— Exercise —
Quote the lines below from the one containing "2000-Generation of Patterns" to the final line, both ends included; exclude the pictures.

========

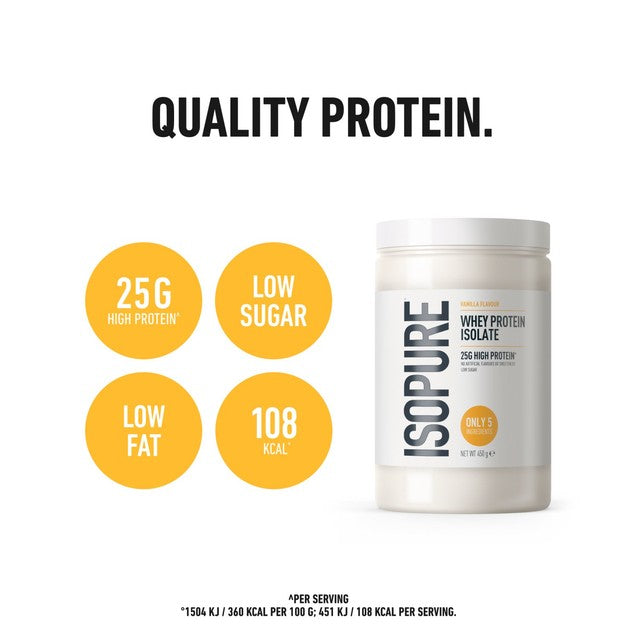 Isopure vanilla whey protein isolate powder 450g, UK version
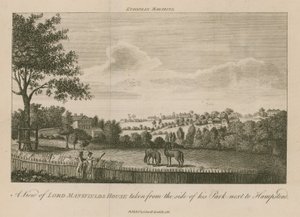 Een uitzicht op het huis van Lord Mansfield genomen vanaf de kant van zijn park naast Hampstead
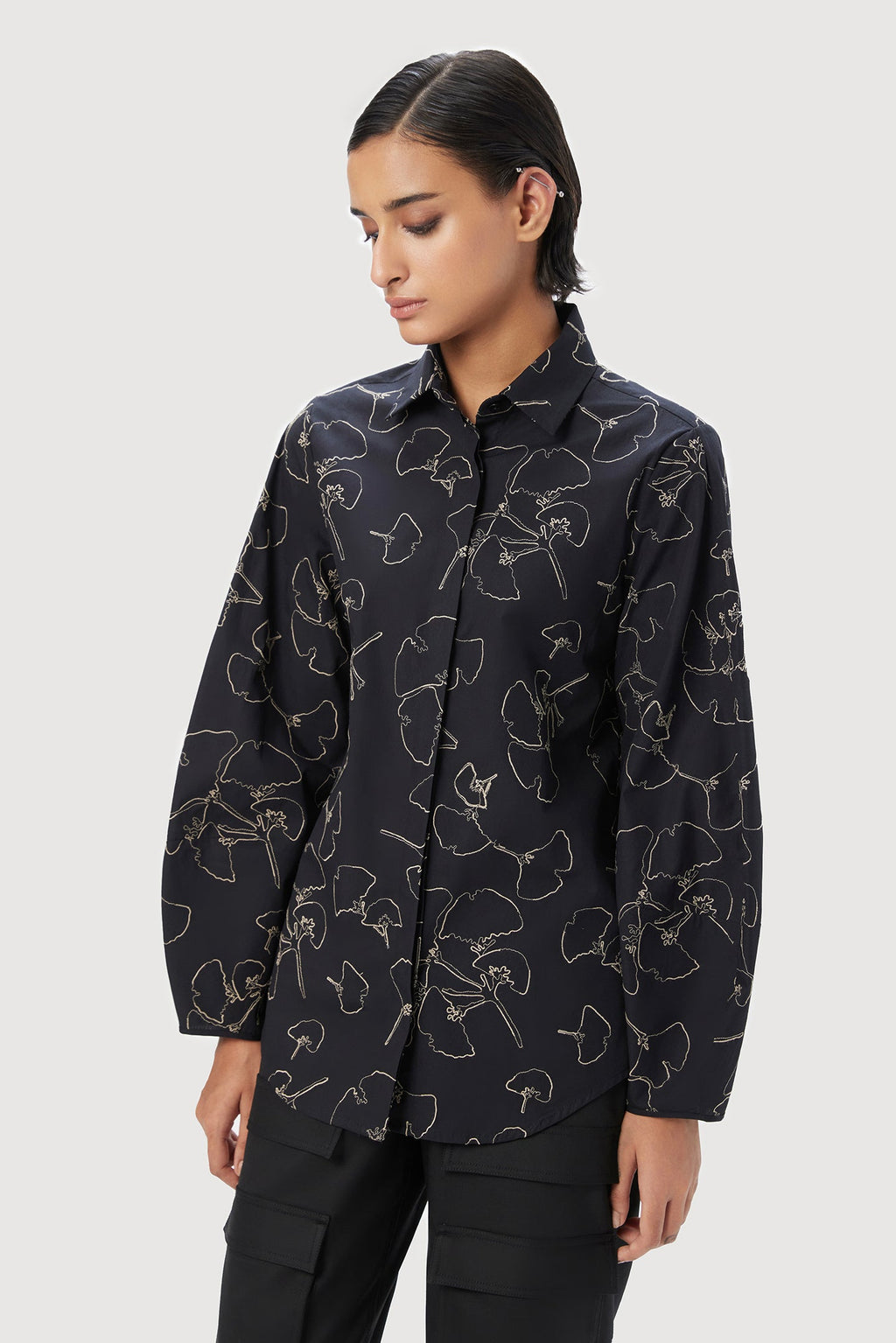 Regular Fit Button-Up Shirt with Soft Rounded Sleeves - Genes Lecoanet Hemant
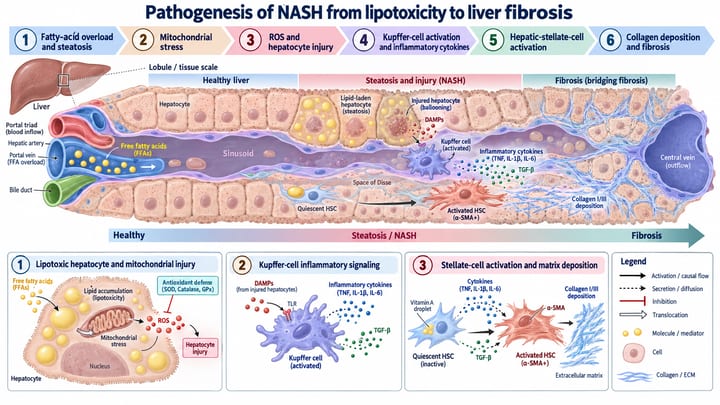 Pathogenesis of NASH from lipotoxicity to liver fibrosis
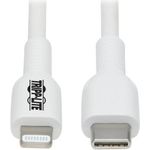 EATON TRIPPLITE Safe-IT USB-C to Lightning Sync/Charge Antibacterial Cable M/M MFi Certified White 1m 3,3 ft. (M102AB-01M-WH)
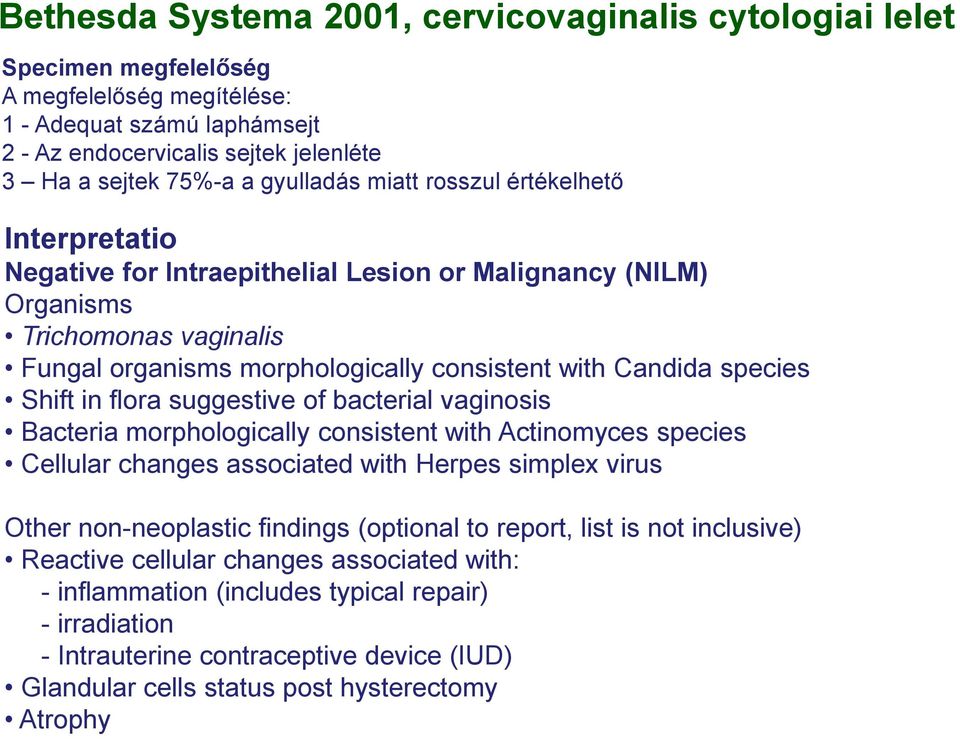 species Shift in flora suggestive of bacterial vaginosis Bacteria morphologically consistent with Actinomyces species Cellular changes associated with Herpes simplex virus Other non-neoplastic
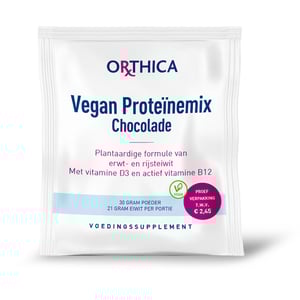 Orthica Vegan proteinemix chocolade sachet Orthica Vegan proteinemix chocolade sachet afbeelding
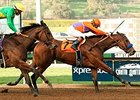 Callback finishes strong to win the Las Virgenes Stakes.
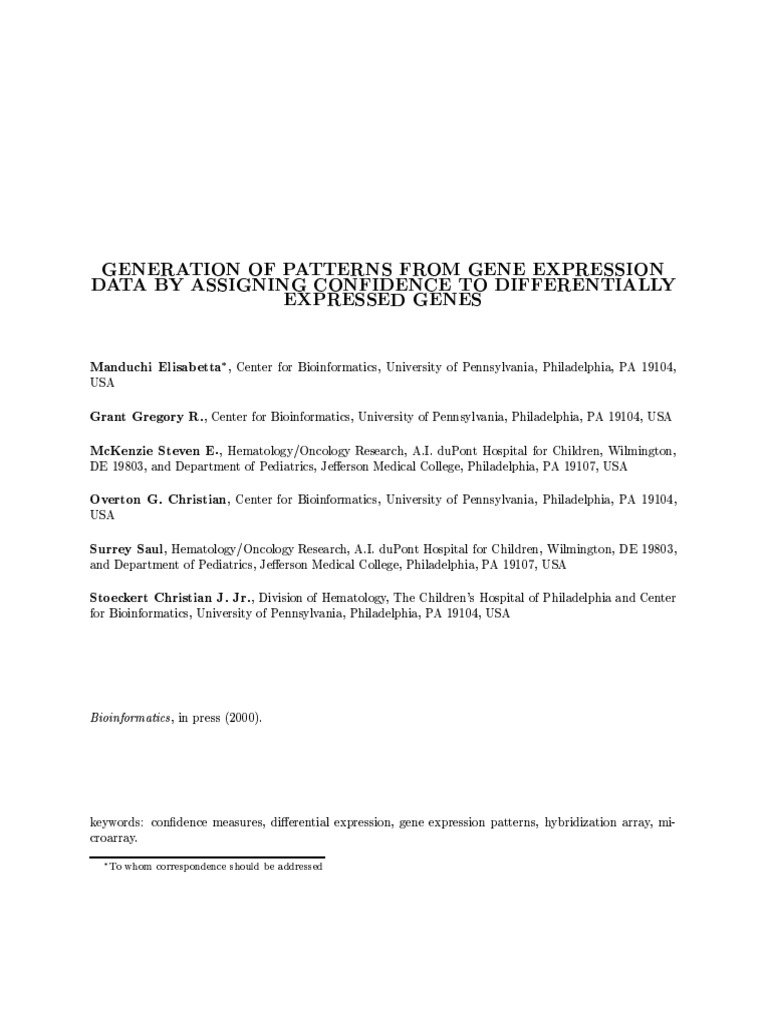 2000-Generation of Patterns From Gene Expression Data | PDF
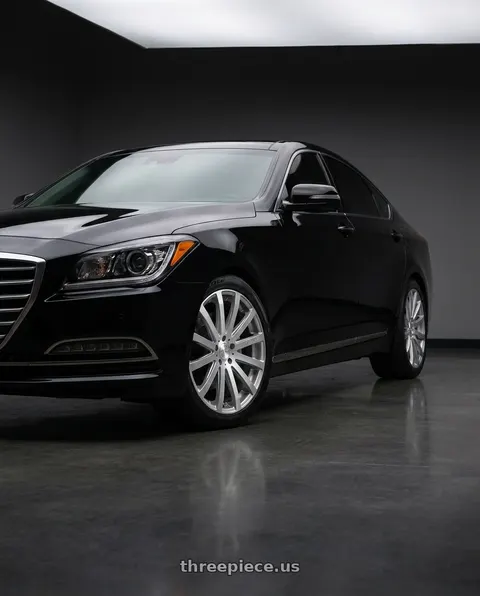 2016 Hyundai Genesis 3.8 with MRR HR9 5x114.3 19x8.5  +35 Silver Machine Face wheels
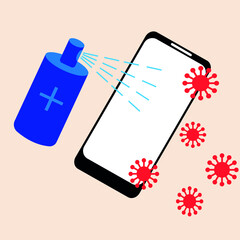 
Coronavirus, 2019-nCoV, Covid-19. Individual protection. Flat contour icons of disinfectant spray for hand disinfection, mobile phone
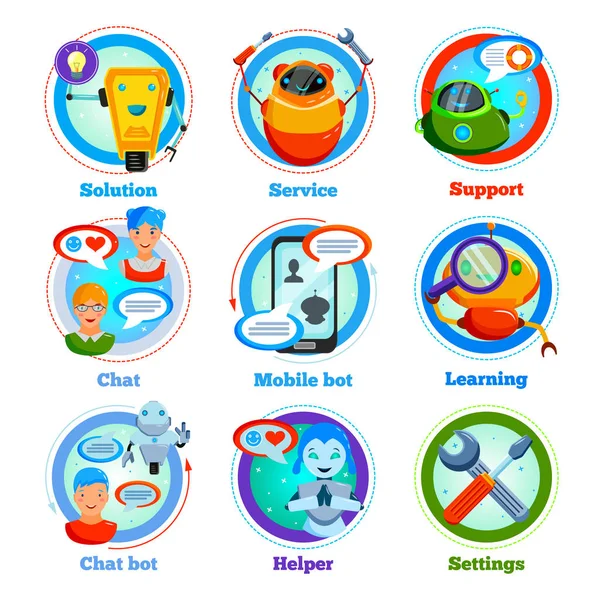 Chat Bot iconos planos — Archivo Imágenes Vectoriales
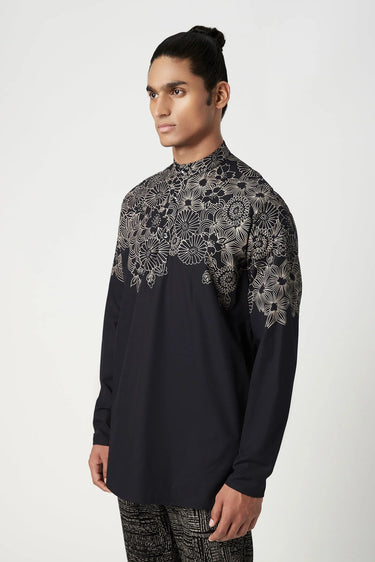 Regular Fit Band Collar Short Kurta with Placket Opening - Genes Lecoanet Hemant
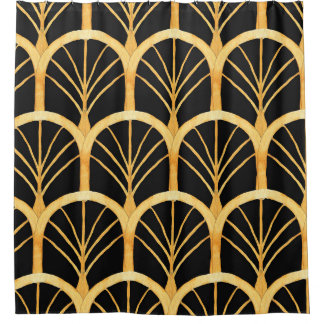 Handgezogenes Wasserfarbmuster nahtlos mit Gold i Duschvorhang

========

— Solution below —
 2000-Generation of Patterns From Gene Expression Data | PDF
 2016 Hyundai Genesis 3.8 with MRR HR9 5x114.3 19x8.5  +35 Silver Machine Face wheels
Coronavirus, 2019-nCoV, Covid-19. Individual protection. Flat contour icons of disinfectant spray for hand disinfection, mobile phone
 Chat Bot iconos planos — Archivo Imágenes Vectoriales
 Regular Fit Band Collar Short Kurta with Placket Opening - Genes Lecoanet Hemant
 Handgezogenes Wasserfarbmuster nahtlos mit Gold i Duschvorhang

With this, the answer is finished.